メシアの与える「糧」が、五千人養いのしるしに見た通り与え始めるのです。終末の激しい艱難と「試み」から守られ、主は御自分のものとして選んだ人たちのために、その期間が縮められるように祈らなければならないのです。(マルコ13・20)
このような終末的時代の新創造を「求め」「捜し」「たたき」続けなければならないのです。それは必ず与えられるのです。
ルカはペンテコステの体験をした教会の時代から、「良い物」・「あなたがたは悪い者でありながらも、自分の子供には良い物を与えることを知っている。まして、あなたがたの天の父は、求める者に良い物をくださるにちがいない」(マタイ7・11)は「聖霊」そのものにほかならないと解説してかき記しております。
聖霊こそ終末の時代の力であり、神の国の現存を証明するしるしを行われるからであるのです。
ルカによる福音書11章1節では、イエスはある所で祈っておられた。祈りが終わると、弟子の一人がイエスに、「主よ、ヨハネが弟子たちに教えたように、わたしたちにも祈りを教えて下さい」とお願いをしました。そこで、主が教えられたのが主の祈りであったのです。
主イエスが一人で祈っていたのでした。しかし、この時は、その主イエスの祈りを弟子たちは知っておりました。イエスの祈る姿は、弟子たちから離れて、一人で祈ってから戻られてからかも知れません。あるいは、弟子たちがいる所で一人祈っていたのかも知れません。主イエスがその時、何を祈っていたかはこの時は分かりませんでした。
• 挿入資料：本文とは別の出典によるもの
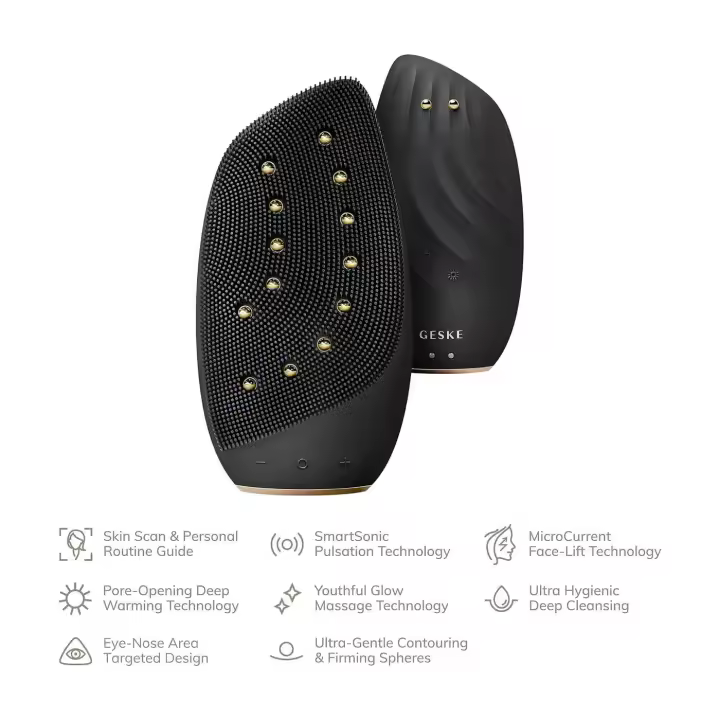 Geske Sonic Thermo Facial Brush & Face-Lifter 8 en 1 - 1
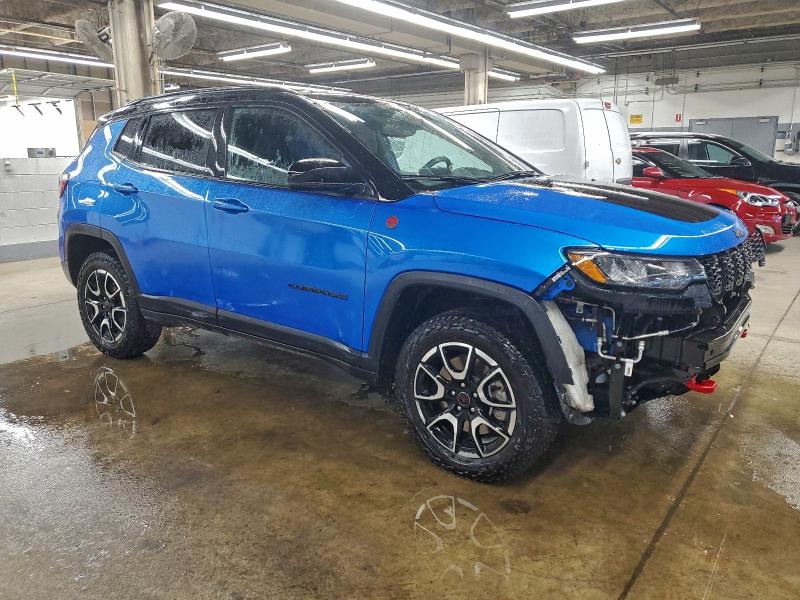 Photo 4 from auction – 2025 JEEP COMPASS TR with VIN 3C4NJDDN3ST557331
ただ、主イエスが祈っておられた姿を見て、弟子たちはきっとあの主イエスのように祈りたいと思っておりました。
一人で祈るよりも、自分がイエスの弟子であるというしるしに、皆イエスという方の弟子であるならば、同じ祈りをする、そうしたいと願う弟子たちに応えて、主イエスが主の祈りを教えて下さったということになるのではないでしょうか。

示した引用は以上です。